- DATA IN THIS EXERCISE:

▬▬▬▬▬▬▬▬▬▬

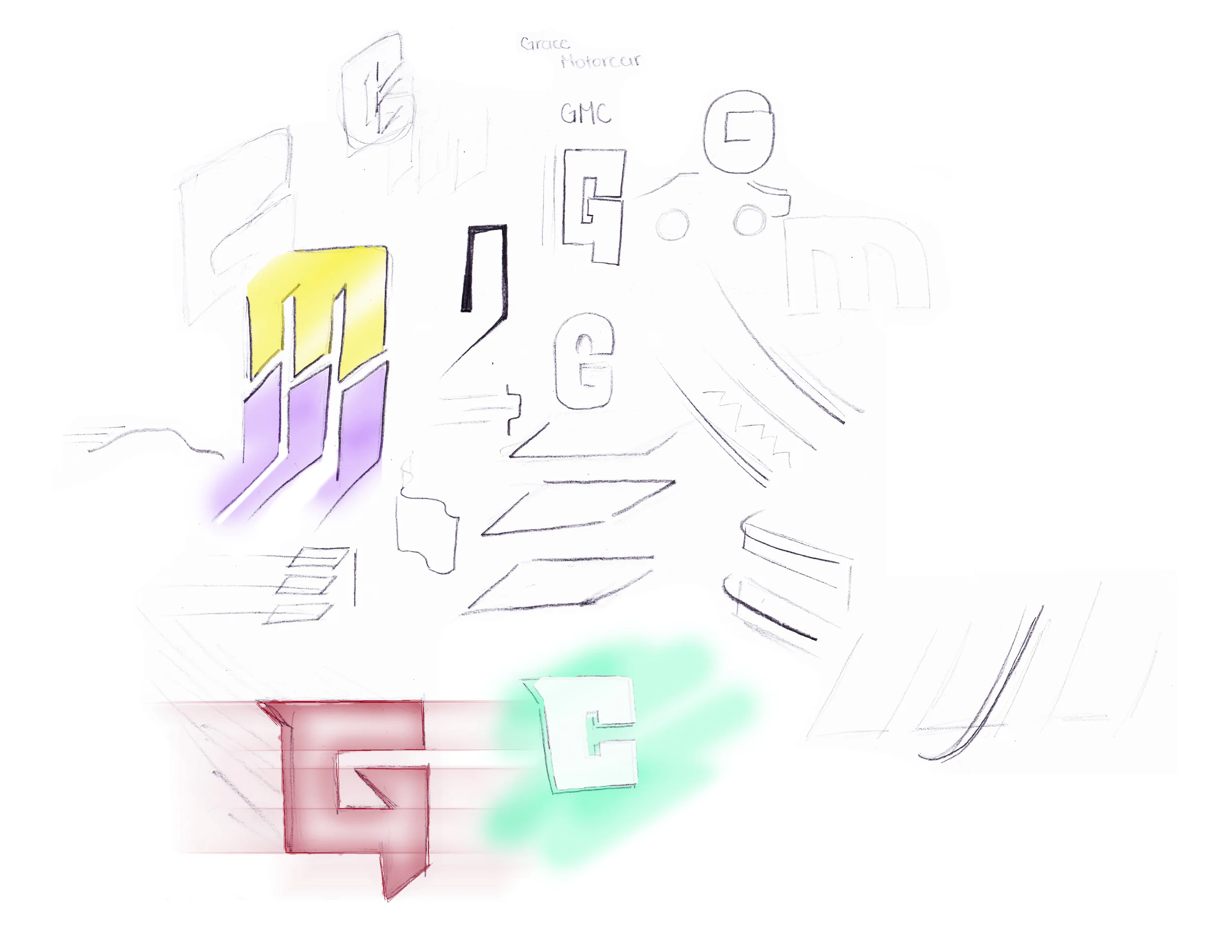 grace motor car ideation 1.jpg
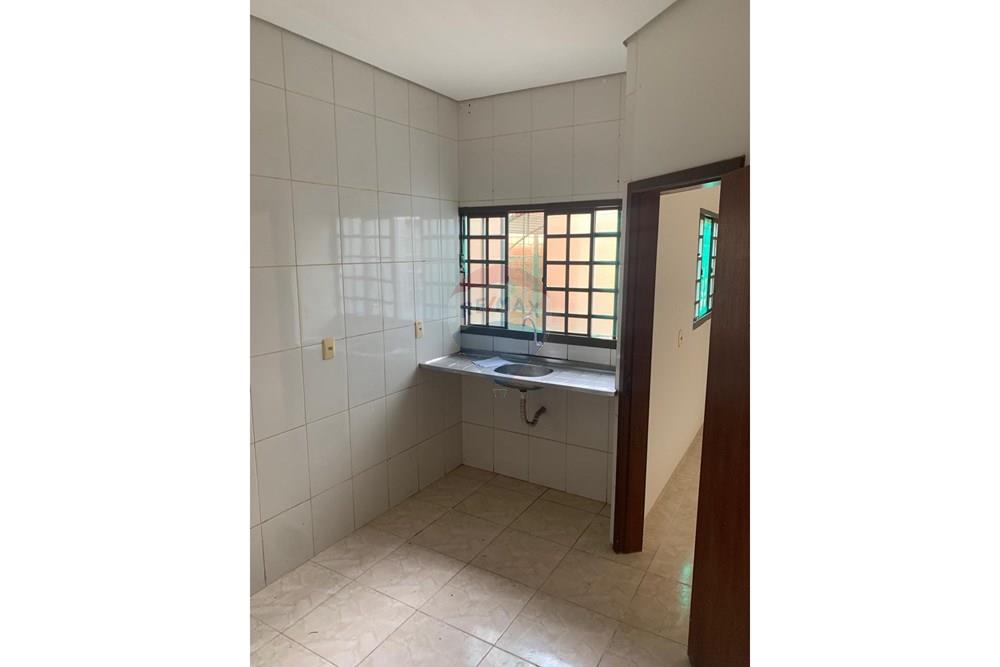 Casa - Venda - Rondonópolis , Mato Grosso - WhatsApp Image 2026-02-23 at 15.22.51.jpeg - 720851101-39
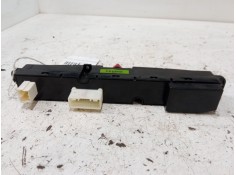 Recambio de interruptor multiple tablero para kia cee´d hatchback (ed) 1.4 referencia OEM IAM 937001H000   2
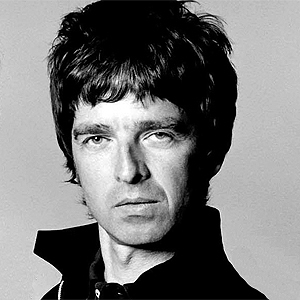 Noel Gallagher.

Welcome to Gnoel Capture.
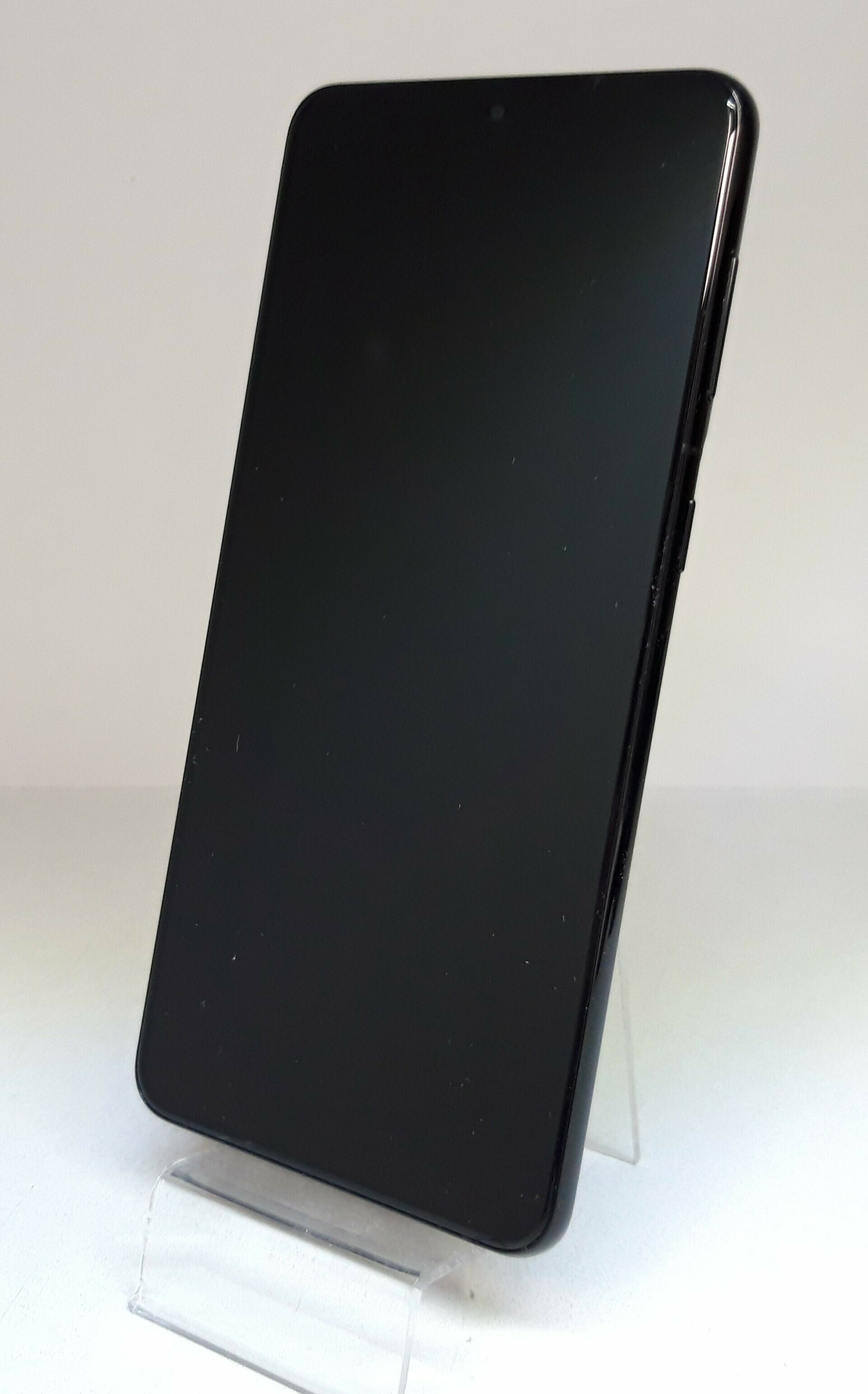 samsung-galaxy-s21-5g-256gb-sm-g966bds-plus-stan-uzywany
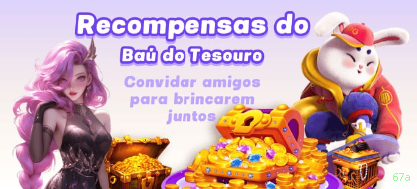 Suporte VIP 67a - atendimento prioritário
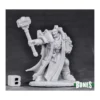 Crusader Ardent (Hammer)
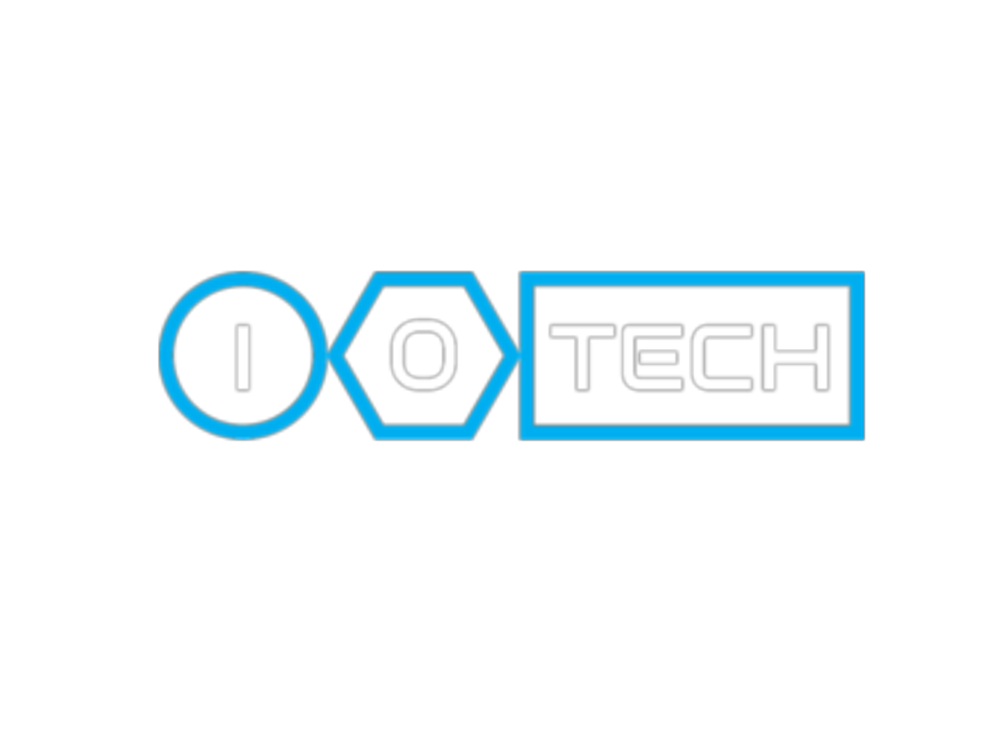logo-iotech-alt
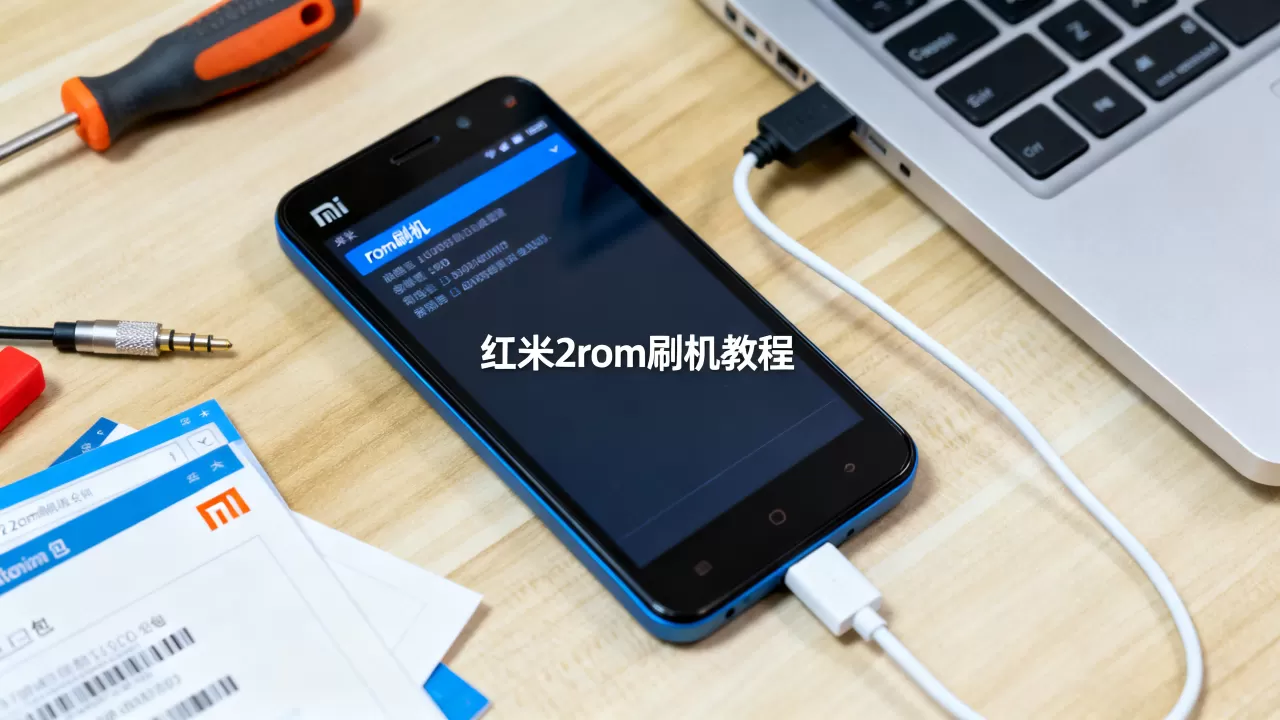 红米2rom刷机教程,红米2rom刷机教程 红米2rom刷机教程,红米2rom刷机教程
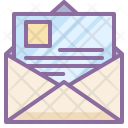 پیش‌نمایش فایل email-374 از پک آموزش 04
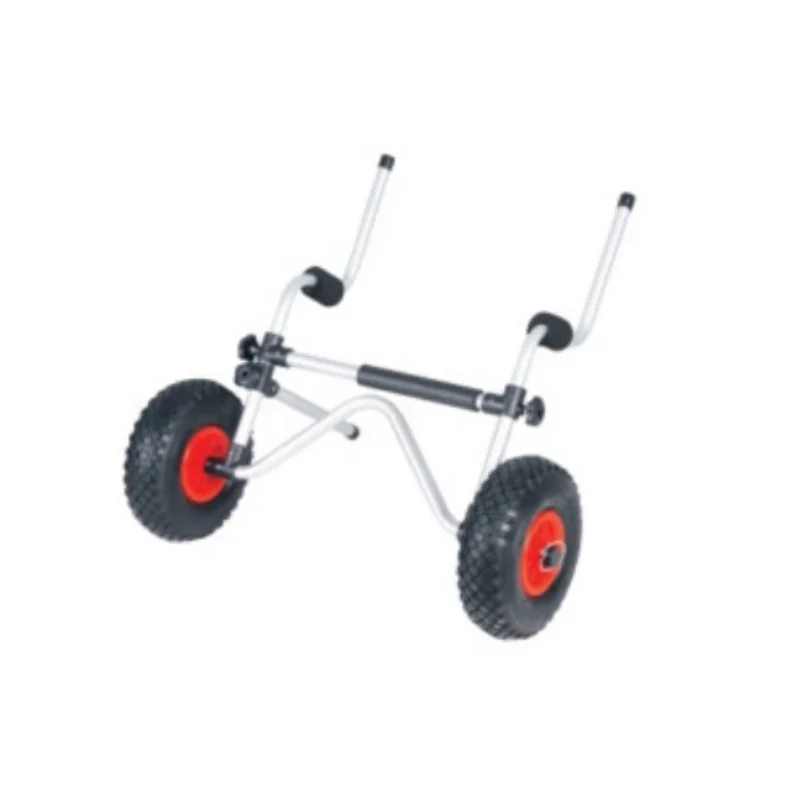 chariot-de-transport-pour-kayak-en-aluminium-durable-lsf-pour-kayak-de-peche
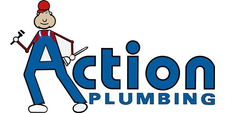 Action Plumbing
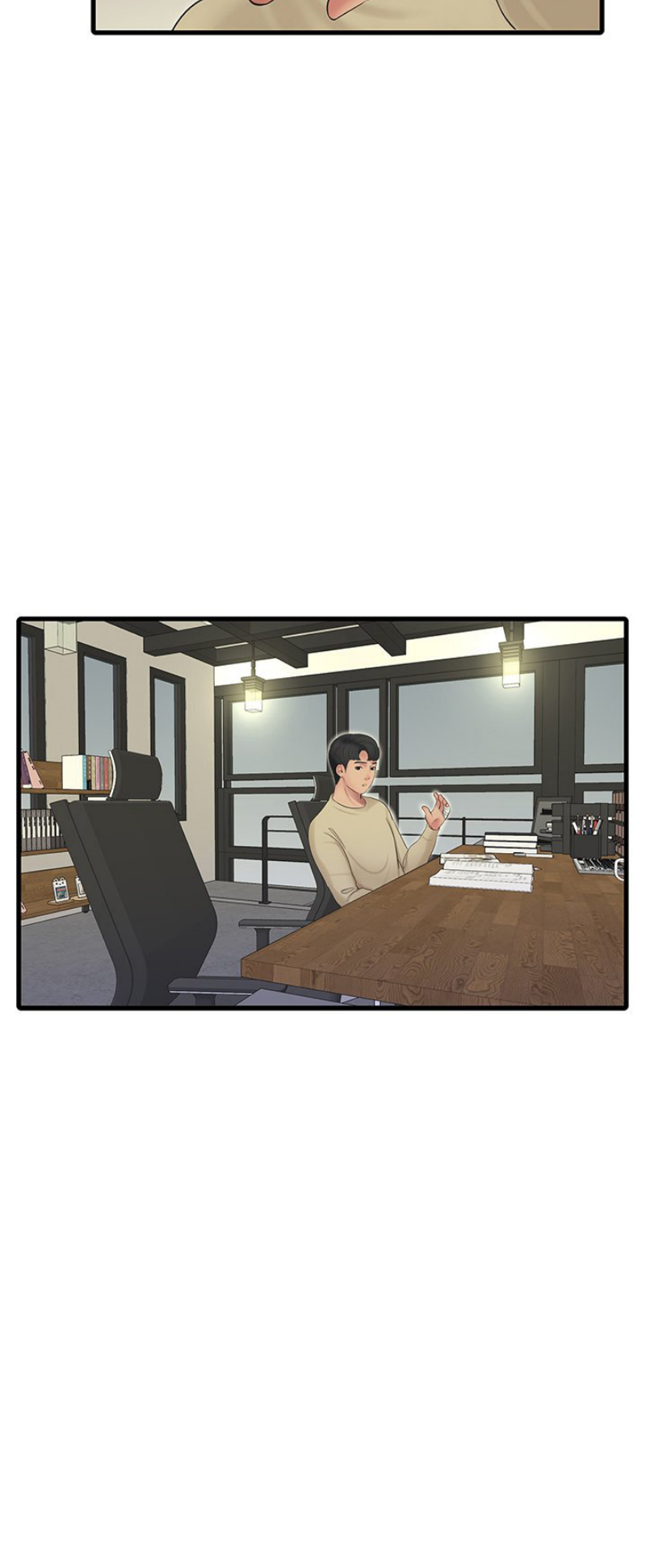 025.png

▬▬▬▬▬▬▬▬▬▬

- INSTRUCTIONS TO FOLLOW: Pictures aside, set down the lines from the one containing "پیش‌نمایش فایل email-374 از پک آموزش 04" through the end of the records above, exactly and only those.

- OUTPUT FOR THIS TASK:
 پیش‌نمایش فایل email-374 از پک آموزش 04
 chariot-de-transport-pour-kayak-en-aluminium-durable-lsf-pour-kayak-de-peche
 Action Plumbing
 025.png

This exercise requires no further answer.